The month of June… hot, humid, fireflies, grilling out, and cucumbers. LOTS and LOTS of cucumbers. They are a very prolific plant in the south. As long as you pick them daily, sometimes twice a day, they will continue to give an abundance of goodness throughout the summer.
Sweet pickles are the preferred type in our house. There are a few who prefer dill and there are a couple who will always reach for the spicy **raises hand**. Why not combine my love of spicy with my love of dill?
3-4 pounds pickling cucumbers (the small ones stay crisper longer) sliced 1/2 inch thick
8 cloves garlic, peeled
8 teaspoons dill seed (or 8 heads fresh dill)
8 teaspoons pickling spice
8 jalapeno peppers, seeded and sliced 1/4 – 1/2 inch thick
8 cups water
1 cup vinegar (white or apple cider, I used white)
1/2 cup canning or kosher salt
I found the greatest little kitchen gadget today. It’s a jalapeno pepper corer. I love kitchen gadgets but this one is really awesome. It saved me a tremendous amount of pain having to handle the peppers while I removed the seeds. I somehow always manage to get the hot stuff in my eyes. You just cut the top off the pepper, insert the corer and twist it around to remove the veins and seeds. It also enables you to make perfect little rings of peppers.

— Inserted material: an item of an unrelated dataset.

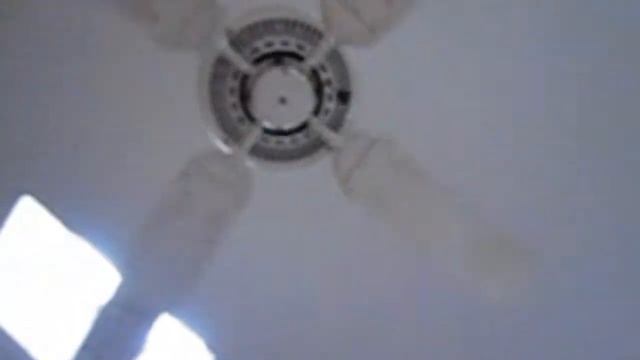 Canon Powershot ELPH 300HS - Super Slow Motion Capture (w/ Camera Info) смотреть онлайн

In a large pot, bring the water, vinegar, and salt to a boil. When the salt is completely dissolved, reduce the heat to low and simmer until your jars are prepared.
This recipe will make 8-pint jars of pickles. Prepare your jars by washing in hot water and set aside.
To each jar add:
1 clove garlic, cut in half
1 teaspoon dill seed (or 1 head fresh dill)
1 teaspoon pickling spice
1 sliced jalapeno (more if you want them really spicy)
Place the sliced cucumbers into the jars to fill. Pour the simmering liquid over the cucumbers leaving a 1/2 inch headspace. Place the lid and ring on the jars. Tighten to fingertip tightness.
Process in a boiling water bath canner for 10 minutes.
Remove from the canner and allow them to sit for 3 days before opening. This should give the peppers time to mellow out a little.
This recipe could also be used for green beans, asparagus, or carrots. You could substitute 1/4 teaspoon red pepper flakes for the jalapeno peppers if you prefer.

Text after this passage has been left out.